Müslümanların hayatında önemli bir yere sahip olan 11 ayın sultanı Ramazan, aynı zamanda sosyal yardımlaşma, dayanışma ve bir dönüşüm iklimidir. Ramazan ayının hayatımıza birtakım değerler katmak üzere geldiğini söyleyebiliriz.
Peygamber Efendimiz Hz. Muhammed SAV’in iftar sofrası açmak, insanlara iftar ettirmek yani lokmamızı onlarla paylaşmayı en değerli amellerden biri olarak tavsiye ederek sofra açmanın ve yemek yedirmenin ne kadar anlamlı ve önemli olduğunu bize gösteriyor. Bunun için de ölçü olarak insanın bir sofrayı donatacak kadar gücünün olması da gerekmiyor.

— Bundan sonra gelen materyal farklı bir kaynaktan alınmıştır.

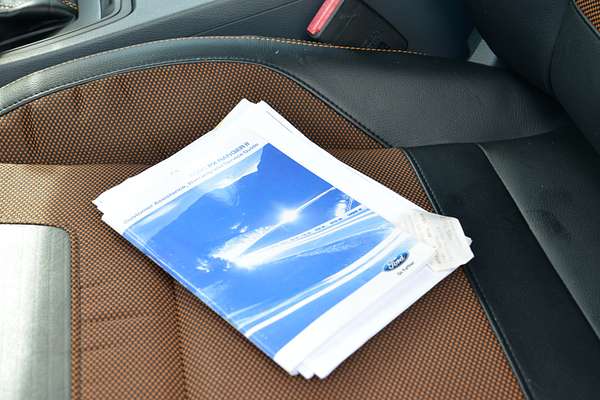 2017 Ford Ranger Wildtrak PX MkII 4X4 3.2L thumb-21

Asr-ı saadetteki ölçülere bakarsanız, neyiniz varsa onu bölüşmekten bahsediliyor. Yani zenginin çoğundan vermesi elbette önemli ama bunun ötesinde herkesin sahip olduğu kadarını başkasıyla paylaşabilmesi yani ötekinin farkında olması, kardeşinin farkında olması gibi duyarlılık kazandırıyor. Aslına baktığınızda oruç ibadetinin bu tür duyguları motive eden bir tarafı var.
Allah’a kul olduğunuzu fark ettiğiniz zaman Allah’ın yarattıklarını da fark ediyorsunuz, emsallerinizle ya da diğer yaratılmışlarla ilişkilerinizi daha çok gözden geçiriyorsunuz. Ramazan ayı, aynı zamanda yoksul ve fakirin halinden anlayabilmek ve onlarla empati kurabilmek için önemli bir fırsat.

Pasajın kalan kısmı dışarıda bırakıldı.